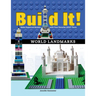 Build It! World Landmarks: Make Supercool Models with Your Favorite Lego(r) Parts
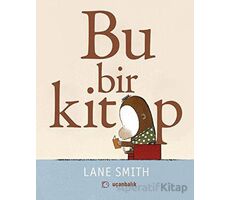 Bu Bir Kitap - Lane Smith - Uçanbalık Yayıncılık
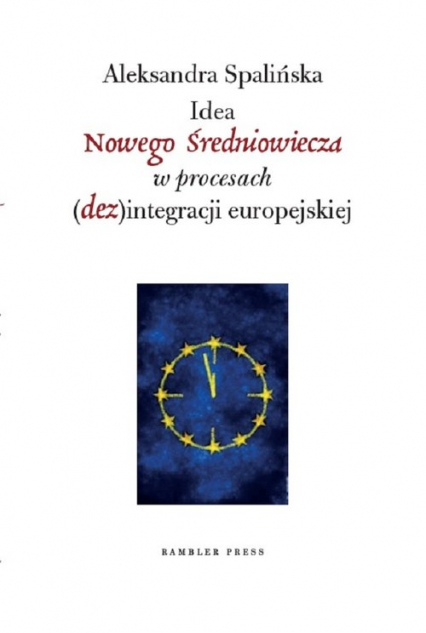Idea Nowego Średniowiecza w procesach (dez)integracji europejskiej - Aleksandra Spalińska | okładka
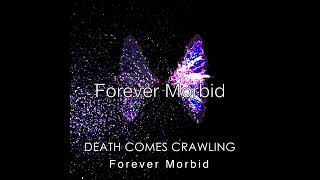 Death Comes Crawling - Forever Morbid (Full Album)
□ □ □
After removing the pictures, restate the whole listing above word for word.

 Build It! World Landmarks: Make Supercool Models with Your Favorite Lego(r) Parts
 Bu Bir Kitap - Lane Smith - Uçanbalık Yayıncılık
Idea Nowego Średniowiecza w procesach (dez)integracji europejskiej - Aleksandra Spalińska | okładka
 Death Comes Crawling - Forever Morbid (Full Album)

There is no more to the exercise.